The FAA has issued a Special Airworthiness Information Bulletin advising all owners and operators of reciprocating engine-powered airplanes of an airworthiness concern about carbon monoxide.
The FAA tasked Wichita State University to conduct research that focuses on carbon monoxide safety issues as they apply to general aviation. A technical report, “Detection and prevention of carbon monoxide exposure in General Aviation Aircraft, Document No. DOT/FAA/AR-09/49, dated October 2009,” shows that after researching National Transportation Safety Board (NTSB) accidents related to carbon monoxide (CO) poisoning, the muffler system was the top source of CO. For the CO-related cases where the muffler was identified as the source of the CO leakage, 92% had a muffler with more than 1,000 hours of service.
When developing this SAIB the FAA considered the NTSB investigation of an accident on Dec. 17, 2000, where a Beech Model BE-23 aircraft crashed, killing the commercial-rated pilot, the sole occupant of the airplane.
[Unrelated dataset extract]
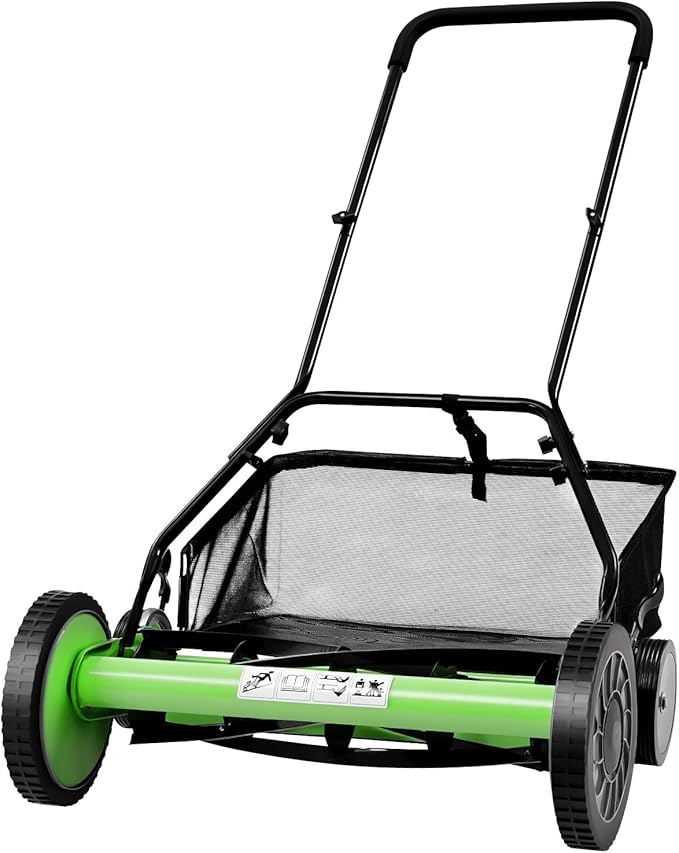 20-Inch Cordless Manual Reel Lawn Mower, Cylinder Lawnmower with 5-Blade, Push Reel Lawn Mower with Grass Catcher for Villa Yards, Park Greening, Factory Greening by Genseino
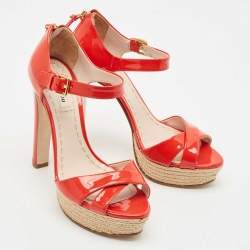 Pre Owned Miu Miu Red Patent Leather Platform Cross  Strap Sandals Size 37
The NTSB determined the probable cause of the accident was, in part, “the pilot’s incapacitation due to carbon monoxide (CO) and a fractured muffler.”
While the airworthiness concern is not considered an unsafe condition that would warrant an airworthiness directive, the FAA has issued some recommendations:
- Replace mufflers on reciprocating engine-powered airplanes with more than 1,000 hours on the muffler and at each 1,000-hour interval, unless the manufacturer recommends or FAA regulations require a more frequent replacement.
- Review and continue to follow the guidance for exhaust system inspections and maintenance in SAIB CE-04-22, dated Dec. 17, 2003, and Aviation Maintenance Alert (AMA), All Powered Models, Carbon Monoxide Poisoning Potential, October 2006 issue of Advisory Circular 43-16A.
- Use CO detectors while operating your aircraft as recommended by SAIB CE-10-19R1, dated March 17, 2010.
- Continue to inspect the complete engine exhaust system during 100-hour/annual inspections and at inspection intervals recommended by the aircraft and engine manufacturers in accordance with their applicable maintenance manual instructions.